Dan Js. Photios Agung mengatakan :”Sebab bukan kesatu-manunggalan, tetapi pesta doa menjadikan kesungguh-sungguhan ikatan antara laki-laki dan perempuan itu dipandang sebagai pernikahan”. Pernikahan adalah ikatan sepanjang hidup, ini kekal, menyelamatkan masalah dosa ketidak-setiaan hubungan suami istri, perrjinahan yaitu hanya alasan untuk menghancurkan suatu pernikahan itu, diakui oleh Kristus dan GerejaNya, bahwa :”Tetapi Akui berkata kepadamu :”Setiap orang yang menceraikan istrinya kecuali karena zinah, ia menjadikan istrinya berjinah, dan siapa yang kawin dengan perempuan yang diceraikan, ia berbuat zinah” (Mat 5:32). Pada pokok inilah kita berbeda sekali dengan Gereja Roma katolik, meskipun terdapat perzinahan hubungan suami istri, tidak diijinkan untuk cerai sebagaimana halnya Kristus ijinkan, namun lebih menetapkan keterpisahan sepanjang hidup dari kamar.
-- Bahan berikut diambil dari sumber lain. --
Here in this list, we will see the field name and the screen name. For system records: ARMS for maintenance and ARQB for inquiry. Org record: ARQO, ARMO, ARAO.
Jadi pernikahan itu kekal untuk menyelamatkan alasan tersebut diatas, hal yang biasa dari seluruh kehidupan seseorang, suatu persekutuan suci dan hukum manusia, sebagai kerenhahatian yang terpelajar, Tuan dari Hukum, mengartikannya mempunyai tujuannya yang mulia, saling memenuhi dari pasangan suami istri dan mendapatkan anak-anak bagi kelangsungan ras manusia. Dan unsur kelihatan dari Sakramen ini adalah saling setuju dan menyetujui antara laki-laki dan perempuan untuk masuk dalam suatu pernikahan. Hal ini juga, Gereja rayakan dengan mahkota yang dengannya, Gereja memahkotai mereka dengan berkatnya. Unsur yang tak kelihatan adalah anugerah Illahi yang menyucikan, menguatkan dan menjadikan teguh ikatan pernikahan tersebut. Hal ini tidaklah berkelebihan bagi kita untuk untuk menambahkan disini, bahwa pernikahan itu tidak dapat diselenggarakan kalau disana terdapat suatu rintangan dann halangan hubungan dan tanpa ijin dari Bishop, seperti halnya yang Js. Polykarpus tunjukkan. Apa yang disebut dengan pernikahan sipil itu adalah asing bagi Gereja Orthodox. Demikian juga pernikahan setelah pentahbisan ditolak bagi para rohaniwan (oleh karena itu jika ingin menikah sebelum ditahbis, menikahlah). Orang-orang Kristen orthodox, kalau mereka ingin menjadi orang percaya dan anggota yang hidup dari Gereja mereka, mempunyai kewajiban suci untuk taat setia terhadap semua yang Gereja telah tetapkan.